Each narrative was three to five pages. It started with the attacker's goal, walked through every step they would have to take, named every assumption that would have to hold for that step to succeed, and identified what controls existed at each assumption. The format forced narration: 'in step 4, the attacker needs to have valid IAM credentials for the production AWS account; this requires either compromise of an engineer laptop with AWS keys, or compromise of the build pipeline's role, or - and this is where we got nervous - the SaaS observability vendor we forward CloudTrail to'.
The narrative format made the third-party observability vendor visible as a critical trust dependency. STRIDE on the payments service would not have. The diagram had no arrow for it.
How we run them now
The format that has held up across a dozen reviews:
- Start with outcomes, not components. Pick three or four worst-case business outcomes ('attacker reads any customer's payment history', 'attacker mints unauthorized API tokens that survive password reset', 'attacker exfiltrates the unit-economics dataset'). These are the things that matter; everything else is secondary.
- For each outcome, write a narrative of how an attacker gets there. Don't optimise for a clean attack path; enumerate plausible paths even if some seem implausible. Implausible paths become plausible during specific operational conditions; capture them.
- At every step of every narrative, identify the assumption being relied on for that step to fail or succeed. The assumptions are the actual surface area of the threat model. Some will be technical ('the IAM role does not have S3:Get on the customer-data bucket'). Some will be operational ('the on-call engineer reviews PagerDuty alerts within 15 minutes'). Don't filter; both categories matter.
- Identify the control responsible for each assumption holding. If there is no control - only convention, only 'we trust the vendor', only 'nobody has ever done that' - write that explicitly. Uncontrolled assumptions are the work output of the threat-modelling exercise.
- Re-run the exercise quarterly with the previous output in hand. The interesting question is not 'what threats exist?' - it is 'what assumptions changed since last quarter?'. The diff is the operating layer.
What this gets you
Narrative threat models do worse on the conventional thing threat models are supposed to do: they don't produce a clean STRIDE table. They are harder to summarise on a slide. They take longer to write. The reviewer asking 'where is the threat list?' will not be satisfied.
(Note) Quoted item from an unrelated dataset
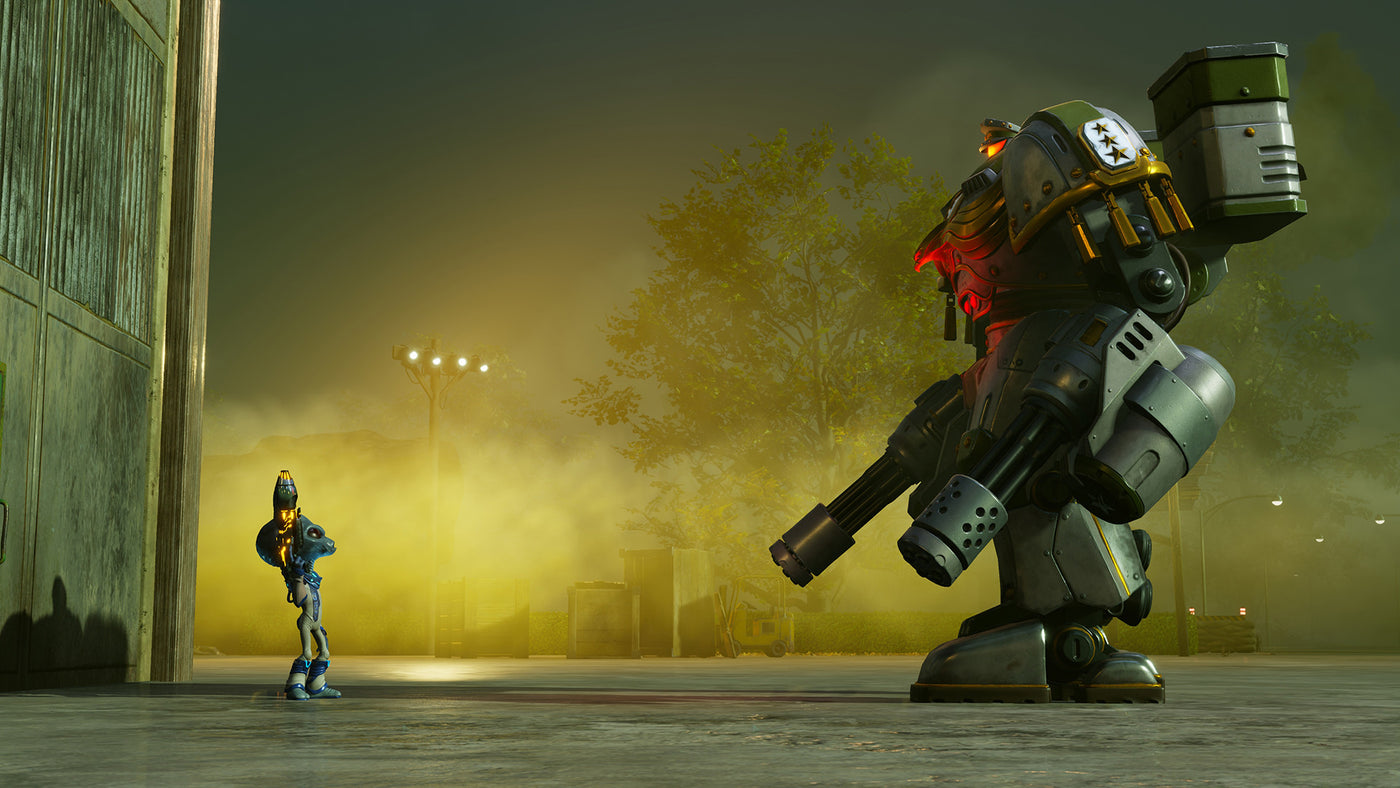 Destroy All Humans! - PC (Steam) — скриншот 3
They do better on the actual thing: predicting what will happen during an incident. The narratives become the runbook. The named assumptions become the monitoring targets. The uncontrolled assumptions become the engineering backlog. The diff between quarters becomes the indicator of whether the architecture is drifting toward or away from the original posture.
If your threat model can be replaced by a STRIDE table, it could probably be replaced by a checklist; and if it could be replaced by a checklist, the work the threat model was supposed to do is being done somewhere else, or not at all.